Good turnout considering the rain, think I've just about dried off now. Good to see a couple of our clients cars beading away nicely!


----------



## ksm1985 (Dec 27, 2008)

im guessing the koenigsegg stayed at home? it said on the site it wouldnt come out if it was raining?
i never bothered going cos of weather


----------



## Clark @ PB (Mar 1, 2006)

Nope it was there mate!


----------



## ksm1985 (Dec 27, 2008)

oh i never realised someone had posted pics lol sorry


----------



## KKM (Dec 10, 2007)

Clark said:


> Good turnout considering the rain, think I've just about dried off now. Good to see a couple of our clients cars beading away nicely!


I didnt think you noticed my car.......:lol:

Shame is was pi$$ing it doon!!


----------



## Renmure (Jan 18, 2007)

I had to abandon my 360 Spider about 6 miles from home 

I was able to cope when the water started to get deeper than the front bumper, but had to pull over and call it quits when the windscreen wipers were wiping away the surface water!! :doublesho
I will go get it the morning when the tide is out

Certainly was a fair turnout of cars tho!! :thumb:


----------



## ksm1985 (Dec 27, 2008)

Renmure said:


> I had to abandon my 360 Spider about 6 miles from home
> 
> really bad down there aswell? at least u were sensible,


----------



## Clark @ PB (Mar 1, 2006)

I'm just home from Aberdeen now and the roads are really bad in places!


----------



## vpricey (May 8, 2006)

I was there also, Was part of the BMWCC group that were staying in the Express Holiday Inn next to the event. 



ksm1985 said:


> im guessing the koenigsegg stayed at home? it said on the site it wouldnt come out if it was raining?
> i never bothered going cos of weather


It sounded rather nice when passing the road up the side of the hotel!!

A good turn out considering the weather too, the guy in the old style F1 car was keen tho, he must have gotten soaked!


----------



## Keith CSL (Aug 16, 2006)

Shame about the weather, it was otherwise a good Sunday run.

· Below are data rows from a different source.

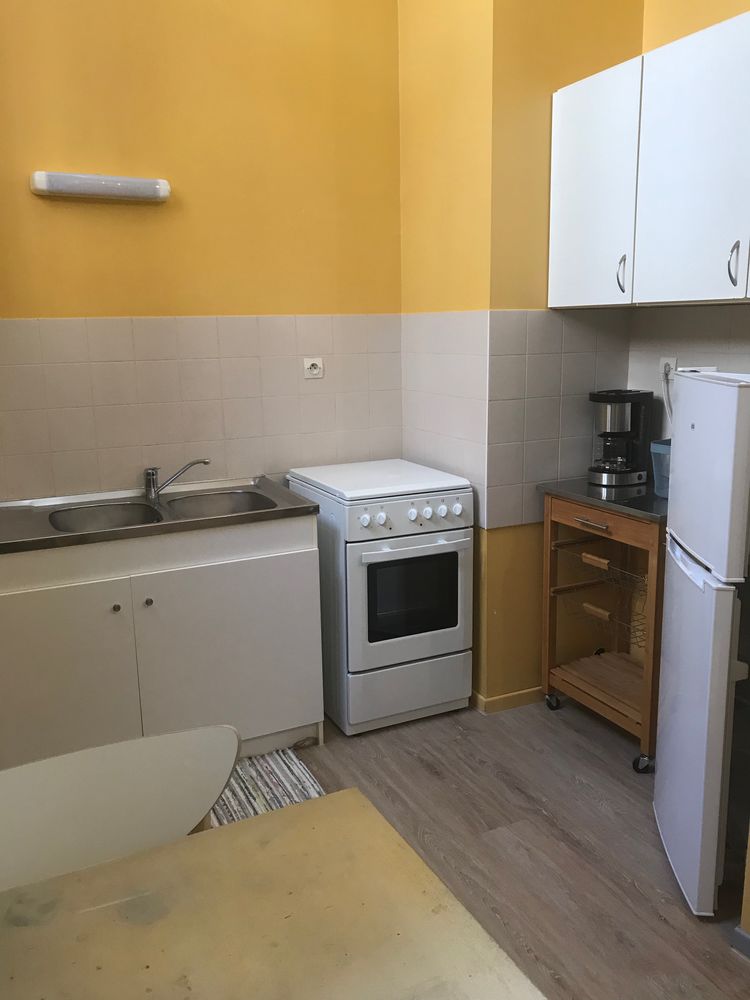 GRAND STUDIO MEUBLE 32M2, Centre Ville d'Avignon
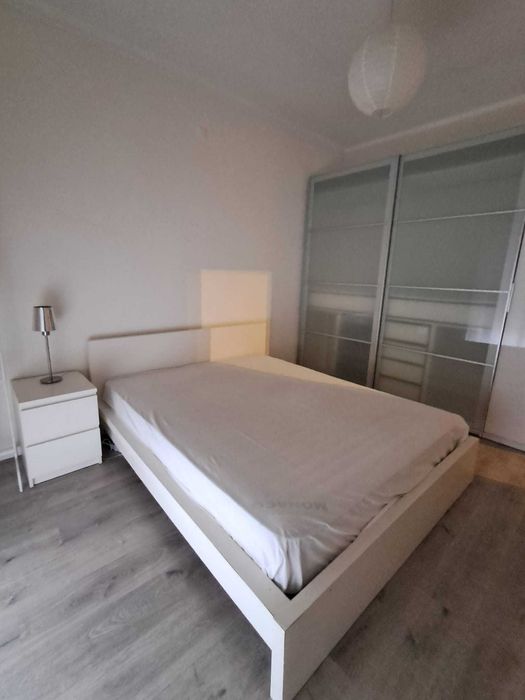 Quarto em apartamento na Rua do Pisão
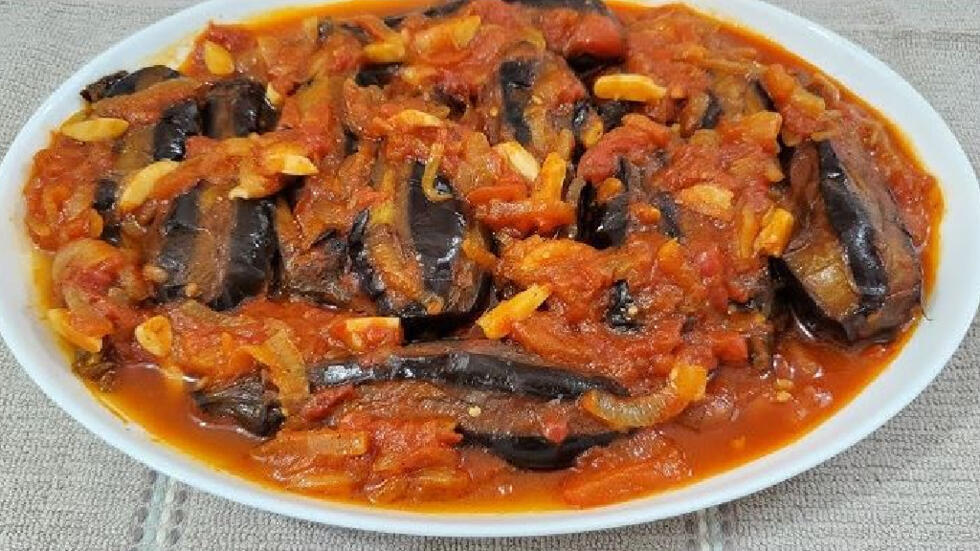 طريقة عمل المسقعة باللحمة المفرومة نادية السيد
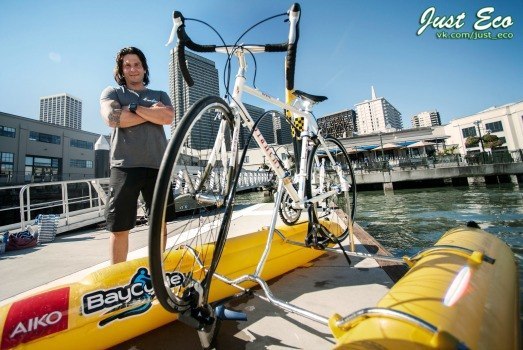 Велосипед, передвигающийся по воде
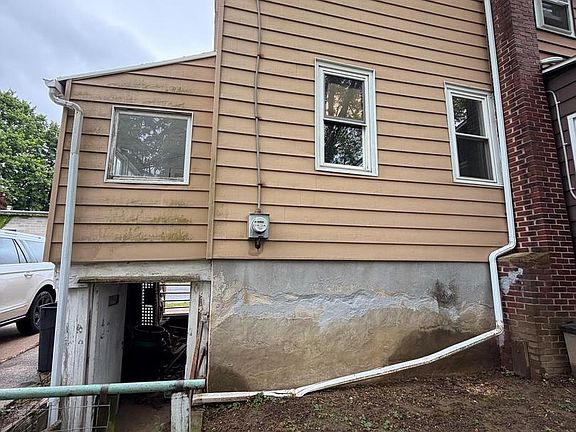 2nd image of 24 Franklin St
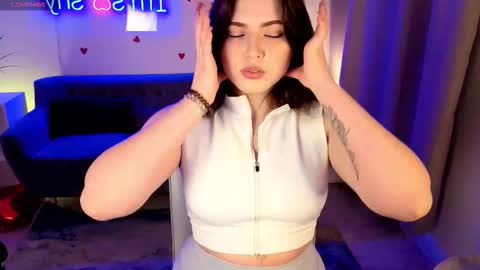 Avery online show from February 17, 9:47 pm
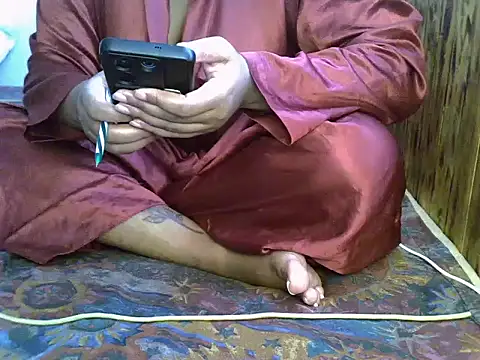 NATASHA LUCKY online show from 11.23.25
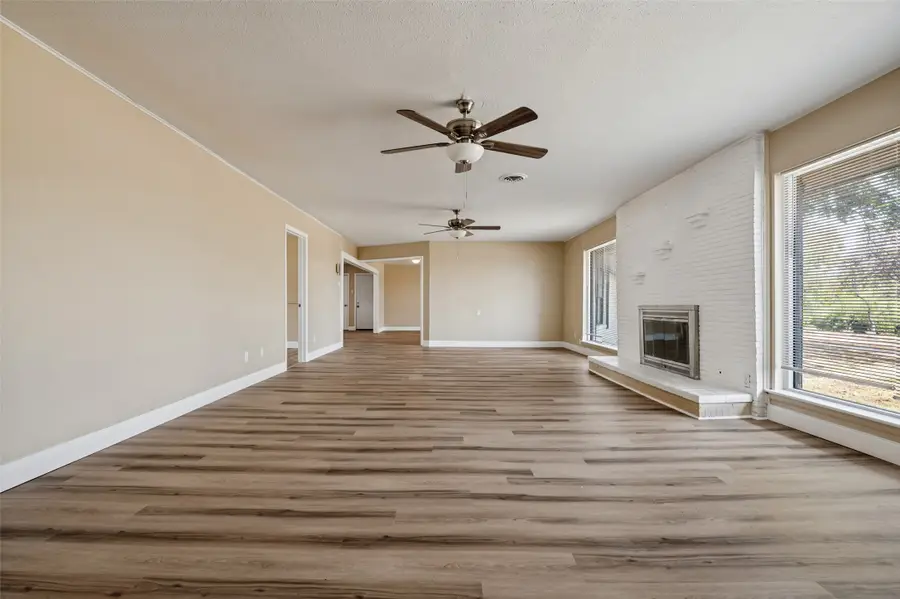 325 Crescent Drive, Grand Prairie, TX 75050 - #3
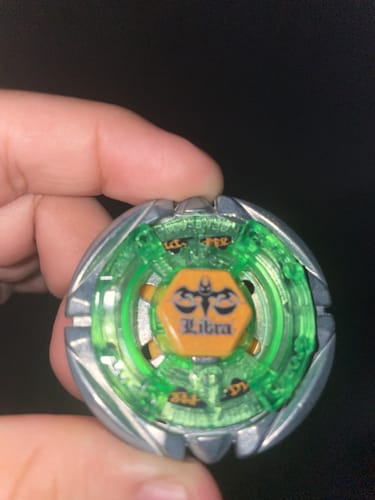 Customer photo review of Takara Tomy Flame Libra Beyblade BB-48 T125ES Metal Fusion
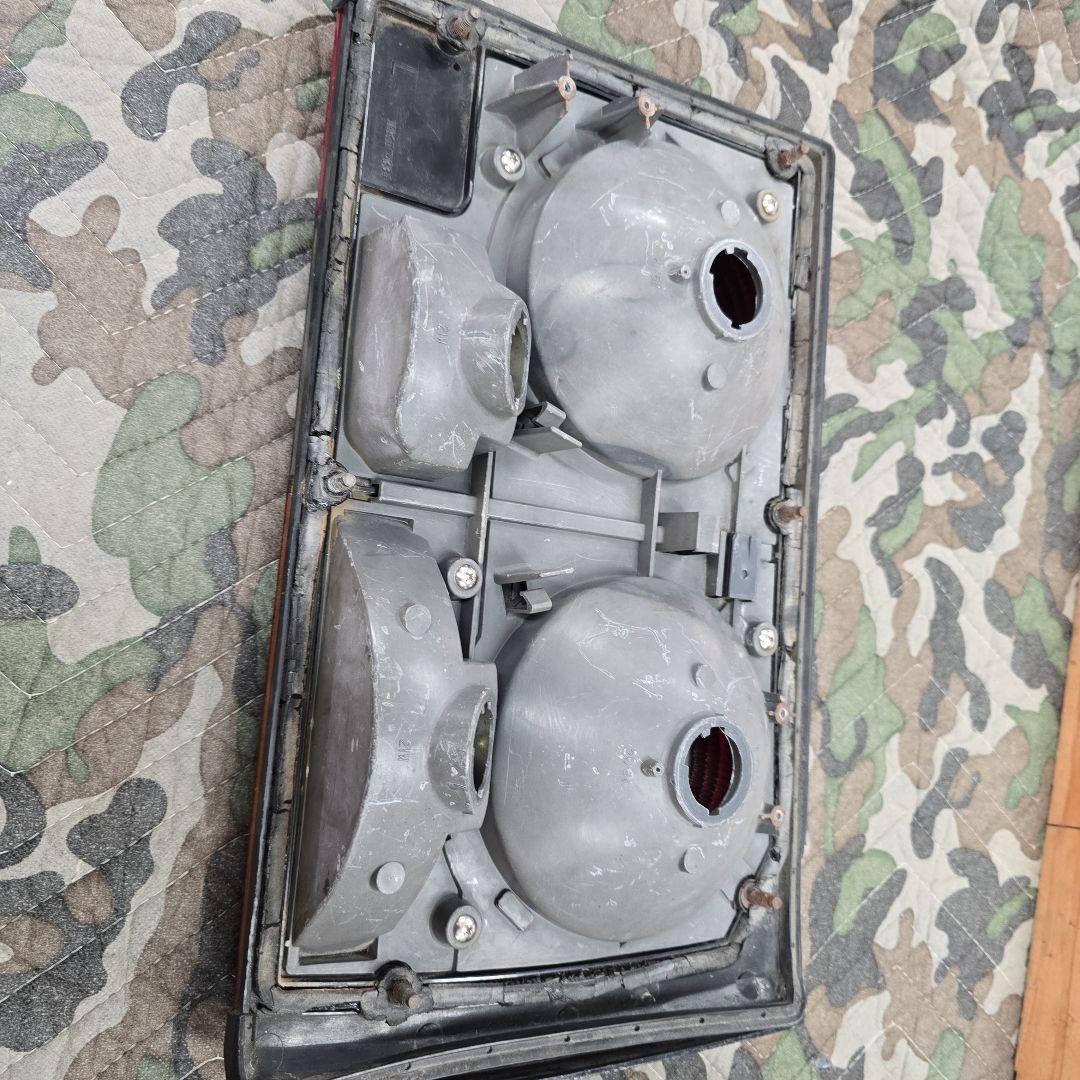 テールランプレンズのみ HR30スカイライン左右セット　傷あり　ジャンク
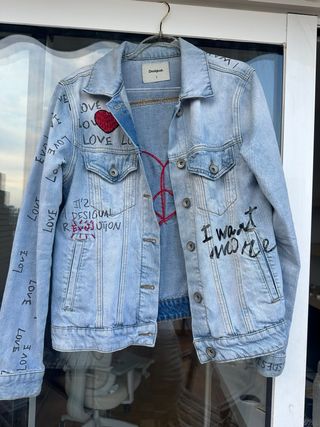 Chaqueta vaquera Desigual Talla S - Love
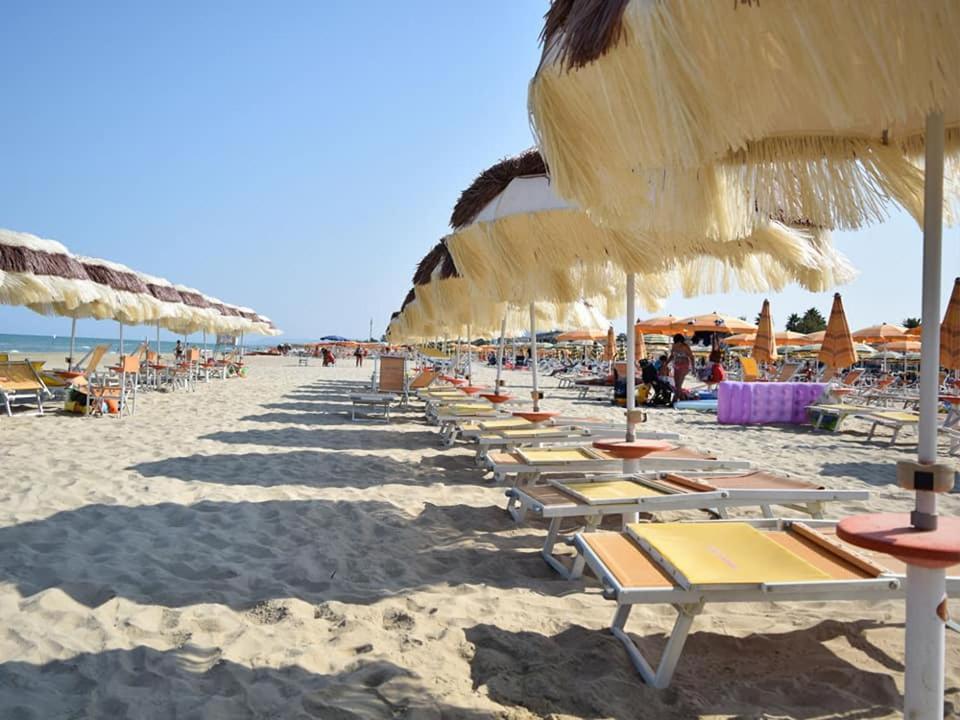 Ristorante Hotel Lucia - 100 Mt Dal Mare Giulianova Εξωτερικό φωτογραφία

The standing water wasn't as bad in the Balmoral area as it was in Aberdeenshire. Hope everyone made it home safe - have you got your car home Renmure? 

Nice to see Clark and KKM :thumb:


----------



## Renmure (Jan 18, 2007)

Keith CSL said:


> Hope everyone made it home safe - have you got your car home Renmure?


Hi..
Yeah, went to collect it at lunchtime today. Seems none the worse for the monsoon experience although it is just as well I stopped when I did since the next puddle was a waist deep lagoon :doublesho

Might wash the car this afternoon although it looks pretty mean with all the rotten leafs, broken twigs, and dead fish in the front grills! 

If they do the run again next year I am taking one of them white Lotus Esprits that James Bond had for his underwater adventures :lol:


----------



## KKM (Dec 10, 2007)

Keith CSL said:


> Shame about the weather, it was otherwise a good Sunday run. The standing water wasn't as bad in the Balmoral area as it was in Aberdeenshire. Hope everyone made it home safe - have you got your car home Renmure?
> 
> Nice to see Clark and KKM :thumb:


Any pics of the new beast??


----------



## Keith CSL (Aug 16, 2006)

I robbed this one from my friend Peter :


----------



## Clark @ PB (Mar 1, 2006)

I always thought Orange was the best colour but I think it manages to look classy and aggressive at the same time in black :thumb:


----------



## Keith CSL (Aug 16, 2006)

I think orange is my favourite, you miss a lot of the details in the black which is a shame.


----------



## Clark @ PB (Mar 1, 2006)

Keith CSL said:


> I think orange is my favourite, you miss a lot of the details in the black which is a shame.


You wont once it's been Polished Bliss'd :thumb::lol:


----------